One of Lake Tahoe’s most popular state parks will reopen next spring after being closed for three years for repairs.
D.L. Bliss State Park, on the lake’s southwest shoreline near Emerald Bay, will reopen on May 21, state park officials announced this week, with campground reservations available for booking six months out beginning Friday at ReserveCalifornia.com.
“We’re thrilled to welcome visitors back,” said Rich Adams, acting superintendent of state parks’ Sierra District. “Thank you to the public for your patience.”
The 2,100-acre park, which has 4 miles of scenic beaches, towering pine forests, trails, huge smooth boulders and 168 campsites, is named for Duane Leroy Bliss, a timber, mining and railroad magnate who arrived in San Francisco at age 17 from Massachusetts seeking opportunity during the Gold Rush. After he amassed a fortune, following his death in 1907, his family donated 744 acres to the state in 1929 to establish the lakefront park.

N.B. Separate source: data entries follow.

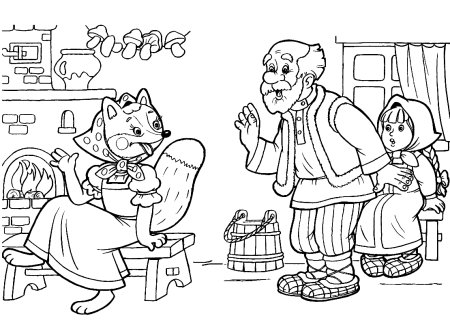 Иллюстрация к сказке Теремок раскраска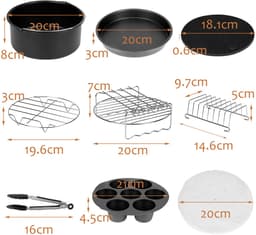 12 stuks 8 inch accessoires voor heteluchtfriteuse met antiaanbaklaag, machinewasbaar, voor siliconen bakvorm accessoires voor heteluchtfriteuse — thumbnail 2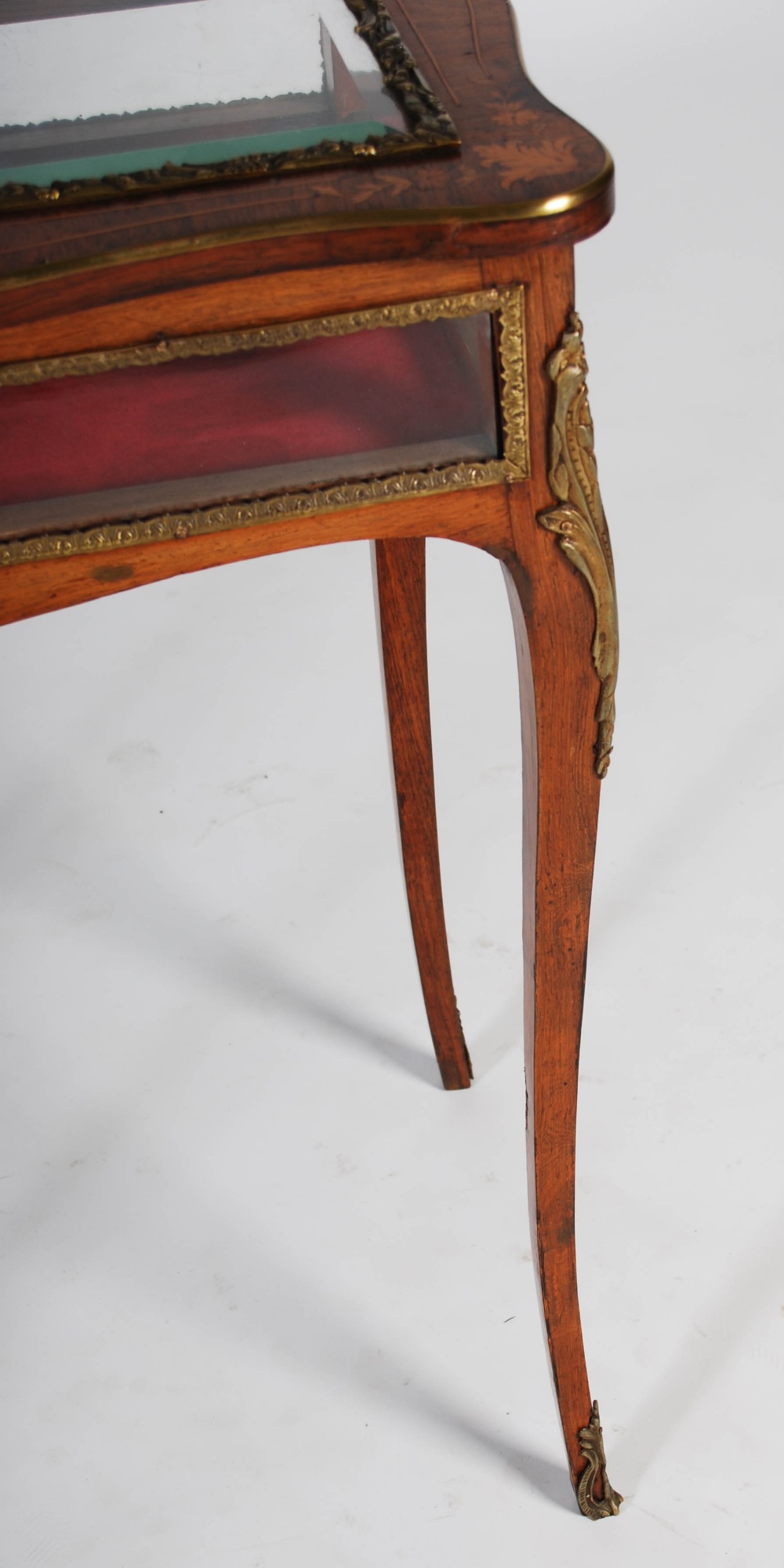 A late Victorian rosewood, marquetry inlaid and gilt metal mounted bijouterie table, the hinged - Image 4 of 5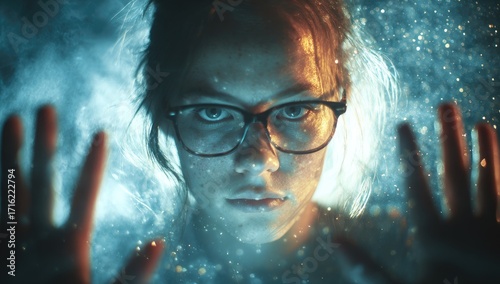 Intrigued Woman with Glowing Aura.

The park has been closed since June 2023. Water mains, water tanks and a fire hydrant system, much of which was installed by President Franklin Roosevelt’s Civilian Conservation Corps in the 1930s, was failing and needed to be replaced.
“With the old pipes there were so many leaks,” said Michael Myers, executive director of the Sierra State Parks Foundation, a non-profit group that helps support parks in the Lake Tahoe area. “Things had corroded and broken over time. State parks has to maintain the water supply, not only for drinking but for fire suppression. There were too many leaks, too many issues. Eventually you have to bite the bullet and stop putting Band Aids on the problem and fix it.”
The job ran into some setbacks, however.
It was originally planned to cost $2.8 million and take one summer to complete. But the Southern California contractor who was awarded the low bid encountered difficulties installing 3 miles of water lines. Workers dug a six-foot deep trench across the park, but ran behind schedule, encountering strict rules from the Tahoe Regional Planning Agency that prohibit grading or digging after Oct. 15 each year to prevent winter rains from washing silt and dirt into the lake and threatening its famed bright blue clarity.
State water officials flagged the project for violations.
State parks officials terminated the contract, and awarded it to another company, Herback General Engineering, from Minden, Nevada, the next year. That contractor encountered weather delays and solid granite in some places where new pipes had to be installed underground.
The job extended into a third summer, and the price grew to $5.5 million. The costs were covered by state parks funds and the Lake Tahoe Restoration Act, a federal law first passed in 2000 by former Sen. Dianne Feinstein, D-Calif., to fund environmental restoration projects around Lake Tahoe.
The project involves nearly three miles of new water mains, two new 25,000-gallon holding tanks, and 25 new fire hydrants.
Over the past three summers, the restrooms, campground, visitor center, main gates and other facilities have been closed. People could still access the park by hiking along the Rubicon Trail from Emerald Bay State Park to the south, or reach a beach if they sailed there in a boat.
Now that the work is finished, Adams said Wednesday, visitors can park near the visitor center and hike through the park. The facilities will reopen May 21 after the winter season, even as the park’s 100th anniversary approaches in 2029.
“D.L. Bliss is its own destination,” Adams said. “You can go to the beach. You can go hiking. It’s so wonderful. It’s an iconic park.”
Myers agreed, calling it one of the most classic and renowned parks around the lake.
“It’s serene and peaceful,” he said. “I have had people asking me all the time ‘Do you know when D.L. Bliss is reopening?’ We are very excited. It is one of the gems of Lake Tahoe and California state parks.”